The USL weren’t the only entity to use WSC Sports’ program to run eSports, said Arnon.

“[What] we’ve done with USL, we took in and worked on the esports that they’ve been doing, to replace the live sports. So NBA, USL and others were giving us eSports. And that was really cool, really neat what USL has done,” he said.

While real life soccer games can have highlights ready within a few minutes of the final whistle using WSC Sports’ tools, Seedhouse said in some ways the USL mimicked the process for their eSports — such as releasing goal highlight clips on social media within minutes of them happening on a stream — while needing to adjust in reality.

“We did record the games a little bit earlier than kickoff time just because of internet issues and dealing with being on ESPN and the technical issues we might face,” she said. “So we did have that advantage of being a little bit ahead of the game. We knew what the final score was so that allowed us to pre-produce a little bit but then WSC came in and it allowed us to package and sponsor all of our footage. But then again with our teams having access to WSC they were able to get in there and share the clips that they wanted because, as you saw in eCup some games have like 20-plus goals. We can’t share all of them. So, it allowed us the flexibility to kind of pick the cream of the crop and then teams can go in and share the same stuff or something that might be unique to their storytelling.”

Since the eSports tournaments did not have an Opta data feed, which the league uses for live games, Seedhouse said there was more human work involved in producing highlights compared to the primarily automated system for real life games.

The league ended the USL eCup a bit earlier than originally planned, for two reasons.

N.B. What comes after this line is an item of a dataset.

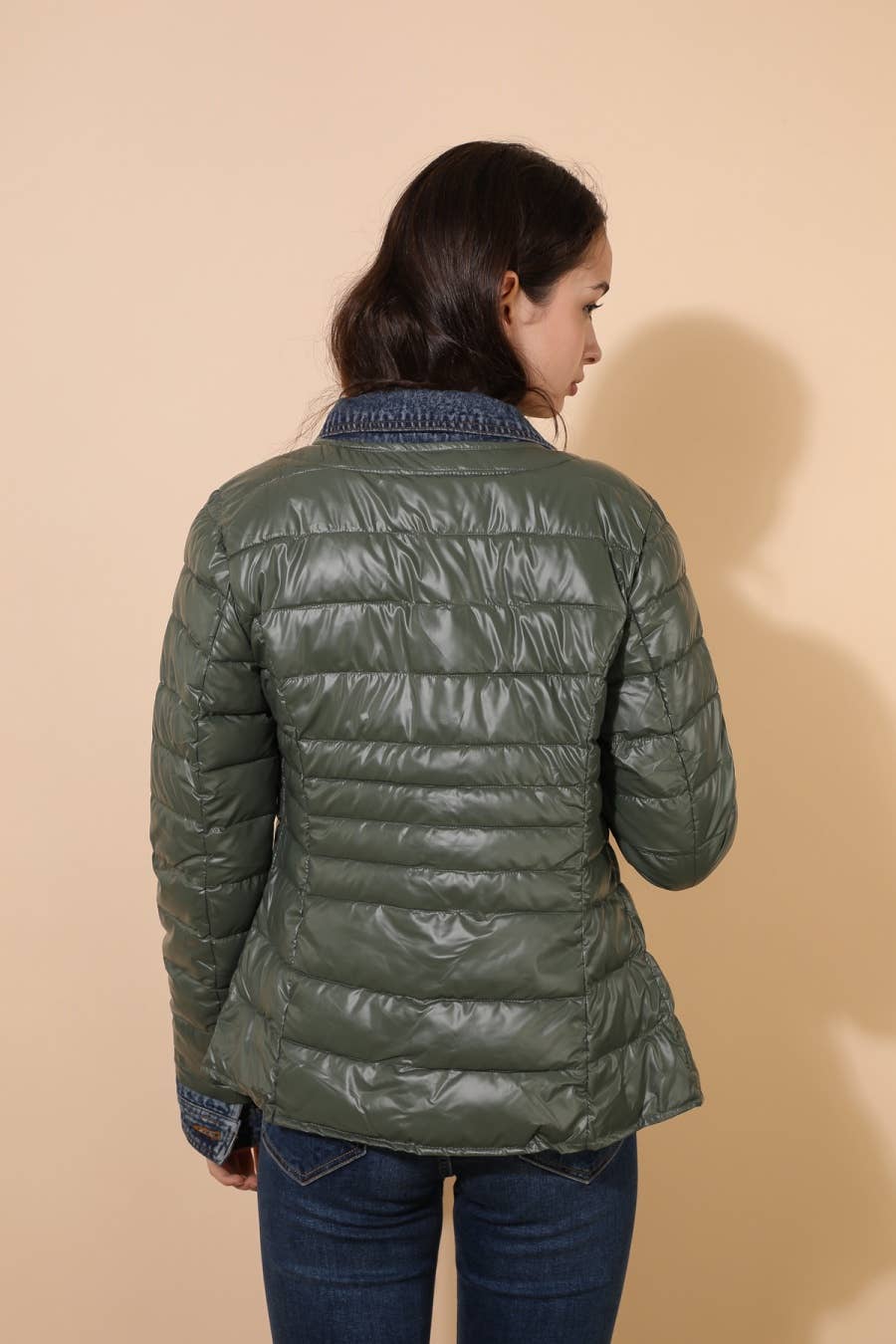 Attrait Paris - Wholesale Pufferjack - Dames - Kenza metalen jeansjack van twee materialen27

Following the killing of George Floyd while in police custody in Minneapolis, the league paused the video games and began amplifying messages from players around the league, particularly black players.

“Given the social climate, the conversation on social media, it just seemed like the right thing to do, to dedicate resources towards education on racism and giving our athletes the platform for their voice, and not just play video games. We want to be really sensitive to what a lot of people in this country are going through,” Seedhouse noted.

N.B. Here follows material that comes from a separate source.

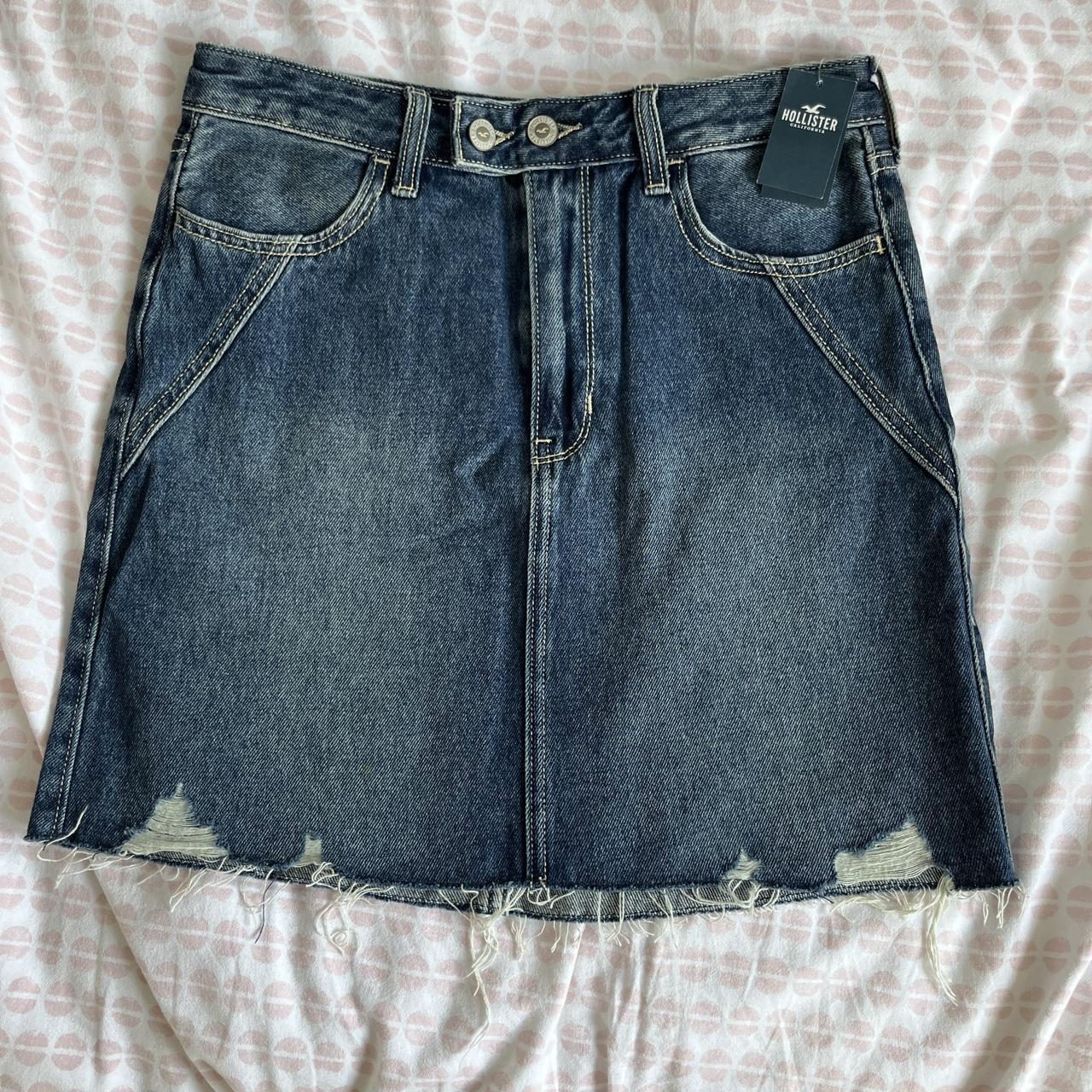 Hollister ultra high rise skirt size 10 - Depop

After the week of pause, the league ended the eCup because the USL Championship is tentatively planning to return to live games on July 11.

“We announced that we’ve concluded the eCup early just because we’re now planning to go back to the season,” she said. “Both League One and the Championship, our efforts for our clubs in the league has to be towards getting back and getting people excited.

“...So it really did serve a good purpose and we did all of our tournaments with a charity element as well, where teams would play locally for philanthropic effort, which has been great. But now soccer is our bread and butter and we’re really excited to get back to it,” Seedhouse added.

While the unusual time left the league to try something different, on a new timeline, Seedhouse said the initial reaction to the first foray into eSports was overall successful.

“It was good. I think our fans were really excited there was something. The adoption wasn’t as high as traditional soccer because our fans are soccer fans, not eSports fans. But it was still really well received and I think our teams really got behind it and you would see players doing postgame press conferences in isolation. The players really got behind it, too, which I think is what made it extra special that we had these personalities and characters going above and beyond on social media, [to] bring it all together for us.”